In some instances, the protesters have even accused councilors of being "corrupt": a serious accusation, but the perception exists. Asked about the wave of protests, ANC Secretary General Kgalema Motlanthe did not outrightly condemn the upheavals.

"We need to ask ourselves what it is that we have not done that leads people to embark on such action," he was quoted as saying.

These protests raise a lot of questions about the continued stability of South Africa's political situation. Are these upheavals going to spread? Is it possible that what the ANC calls "the poorest of the poor" have become embittered by the slow pace of delivery and are prepared to vent their anger loudly and violently?
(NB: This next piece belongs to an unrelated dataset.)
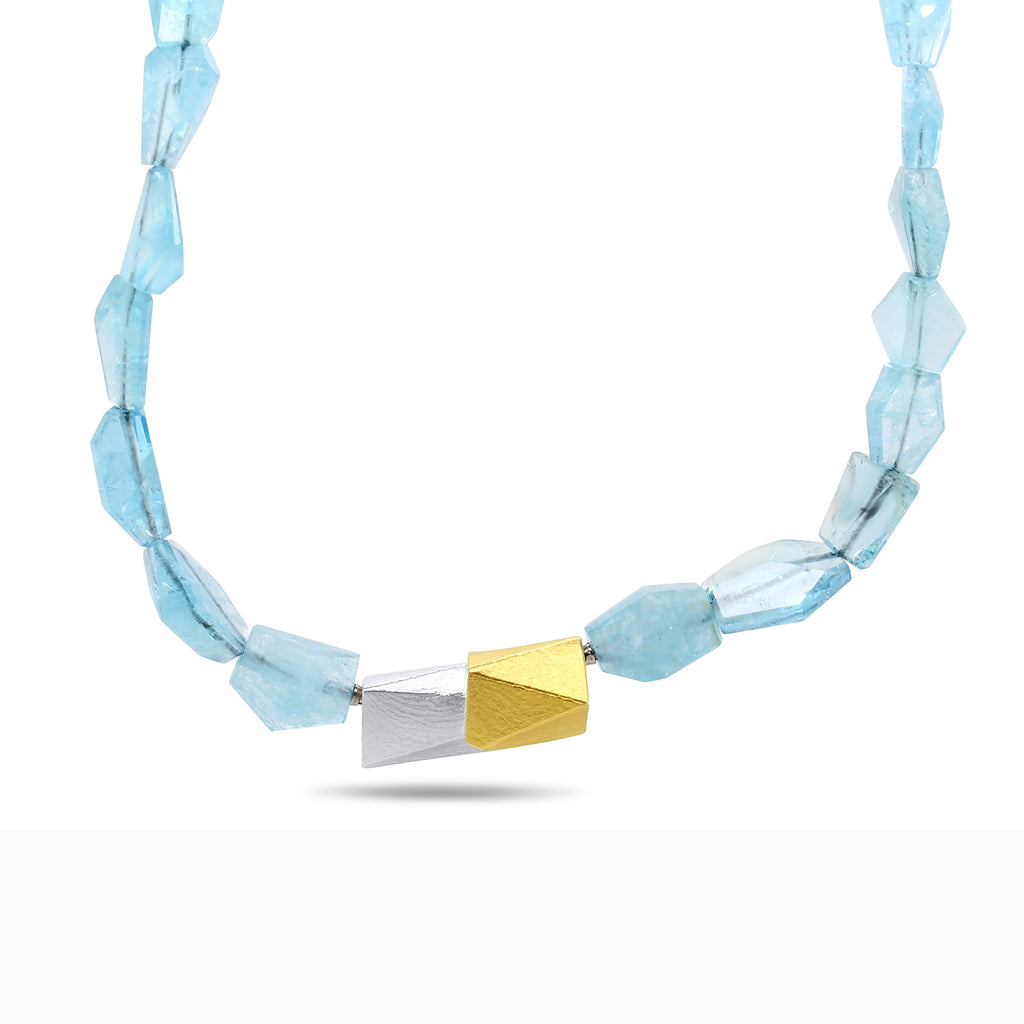 Photograph 2 of Manu's Sterling Silver 22k Yellow Gold Aquamarine Necklace. Available on DESIGNYARD.com and in our Contemporary Jewellery Shop Dublin, Ireland. Free Worldwide Shipping.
Does the government possess the willingness to crack the whip to get lackadaisical local councils to deliver? Is it possible, as some in the ANC have been quoted as saying, that there is a "hidden/third force" stoking the fires of discontent?

The delegates at the WEF must have seen the images of the burning tyres in Happy Valley beamed on national television from the comforts of their hotel rooms.

I wish I was a fly on the wall in those hotel and conference rooms to gain an insight into how they thought these "poorest of the poor" can be made to feel they have a stake in their country's, and the world's, economy.